WORKING DATA ▸
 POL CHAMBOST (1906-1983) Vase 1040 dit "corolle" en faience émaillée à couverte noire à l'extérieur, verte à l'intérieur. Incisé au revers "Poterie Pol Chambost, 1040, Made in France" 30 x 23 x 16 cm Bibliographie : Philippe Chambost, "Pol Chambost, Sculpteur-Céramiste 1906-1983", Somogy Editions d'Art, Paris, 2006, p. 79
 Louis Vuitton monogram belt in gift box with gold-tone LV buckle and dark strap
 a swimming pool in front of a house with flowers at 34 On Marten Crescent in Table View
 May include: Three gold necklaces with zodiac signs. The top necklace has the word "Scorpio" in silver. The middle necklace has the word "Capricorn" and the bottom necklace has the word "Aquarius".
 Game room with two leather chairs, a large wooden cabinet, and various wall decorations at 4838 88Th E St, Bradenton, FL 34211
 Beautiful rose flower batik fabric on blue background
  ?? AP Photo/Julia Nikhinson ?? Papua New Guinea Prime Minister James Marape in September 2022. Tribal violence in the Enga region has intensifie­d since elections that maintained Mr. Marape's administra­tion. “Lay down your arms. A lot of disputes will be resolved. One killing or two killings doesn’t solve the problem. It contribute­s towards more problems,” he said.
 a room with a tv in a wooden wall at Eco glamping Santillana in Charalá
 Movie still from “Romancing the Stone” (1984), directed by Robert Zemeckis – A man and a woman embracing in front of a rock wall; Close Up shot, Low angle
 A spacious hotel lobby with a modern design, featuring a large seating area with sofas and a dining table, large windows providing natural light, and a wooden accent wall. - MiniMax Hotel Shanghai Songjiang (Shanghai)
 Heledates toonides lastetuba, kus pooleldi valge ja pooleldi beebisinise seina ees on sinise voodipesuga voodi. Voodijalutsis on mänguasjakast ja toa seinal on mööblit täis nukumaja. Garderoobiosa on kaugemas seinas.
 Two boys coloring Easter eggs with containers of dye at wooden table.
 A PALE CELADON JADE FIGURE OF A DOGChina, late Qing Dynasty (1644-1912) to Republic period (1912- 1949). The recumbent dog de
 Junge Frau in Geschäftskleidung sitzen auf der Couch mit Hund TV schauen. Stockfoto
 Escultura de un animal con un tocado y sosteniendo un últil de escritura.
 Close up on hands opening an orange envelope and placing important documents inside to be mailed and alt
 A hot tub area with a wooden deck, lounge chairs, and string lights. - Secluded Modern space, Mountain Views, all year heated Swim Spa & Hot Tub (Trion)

EXERCISE REQUIREMENTS ▸
Across the whole listing above, find every line with the string "chairs" and copy it.

RESPONSE ▸
 Game room with two leather chairs, a large wooden cabinet, and various wall decorations at 4838 88Th E St, Bradenton, FL 34211
 A hot tub area with a wooden deck, lounge chairs, and string lights. - Secluded Modern space, Mountain Views, all year heated Swim Spa & Hot Tub (Trion)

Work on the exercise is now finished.